No, because of timing; they didn’t play their first show until 1977.
I’m kind of surprised no one’s mentioned Patti Smith, whose debut LP came out in 1975. Perhaps she was too serious to be post-punk.
Just for the hell of it, I’m going to mention Nadir’s Big Chance, released in 1975 by, of all people, Peter Hammill, leader of art-rock band Van der Graaf Generator, even though it’s more pre-punk than pre-post-punk.
Thinking on it some more I’d suggest looking into Brian Eno’s first two solo albums(he was in early Roxy Music) which were apparently so strange at the time they came out no one even knew what genre to call them, glam rock really?
Here Come The Warm Jets
Taking Tiger Mountain By Strategy
Just check out some of the songs, both albums predate punk.
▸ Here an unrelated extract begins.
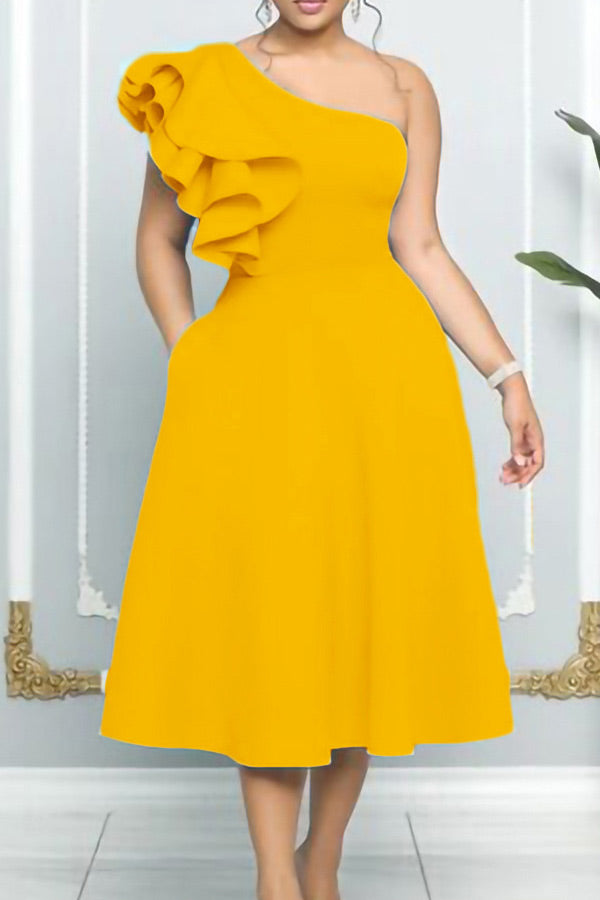 Classic Vintage Dress with a Flattering Fit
How about The Stranglers? I think their first record was in like '77 or so, but they’d been together for a few years prior to that with, from my understanding, a style that was already developing.
Here’s a curiosity… it’s a song I definitely remember posting about in some other thread, but it seems to fit here. See if this track from 1967 don’t remind you of Beck.
I know nothing about punk, but if that’s punk then sign me up. That sounds a lot more like metal then anything else, at least to me. The driving bass is awesome.
I’ve been beaten to pretty much all of the answers I was going to provide. I’ll throw in another mention for Suicide, especially since they were the first band to call themselves “punk music” as early as 1971 despite being already lightyears beyond the punks in New York.
Also, post-punk “sophisti-pop” legends Orange Juice formed as the Nu-Sonics in 1976, right when the UK strand of punk was in its ascendancy.
Also gotta throw a shout out to my pal Rick Berlin and Orchestra Luna, who formed in Boston in 1974 that at the time seemed like it was post-fucking-everything but could probably be loosely described as post-punk now.
At the time, in Britain, The Stranglers, who emerged at about the same time as The Sex Pistols were considered very much as part of the original first wave of punk. As things developed, and lots of bands imitating The Sex Pistols emerged (after a week or two of practice), some punk purists began to look a bit askance at The Stranglers because, you know, although they were angry and nasty, and certainly were very far from prog rock, they used an organ :eek:, and could play in tune using more than two chords and more than one tempo.
So anyway, the point is that you can make a case that The Stranglers were absolutely at the heart of the British punk movement, or that they were sort of peripheral to it, but no way were they post-punk or (what I think we are supposed to be looking for) pre-punk-post-punk.
Radio Birdman were founded in 1974, and released their first EP in 1976: Smith and Wesson Blues was typical of their sound, the missing link between the Stooges and the Doors.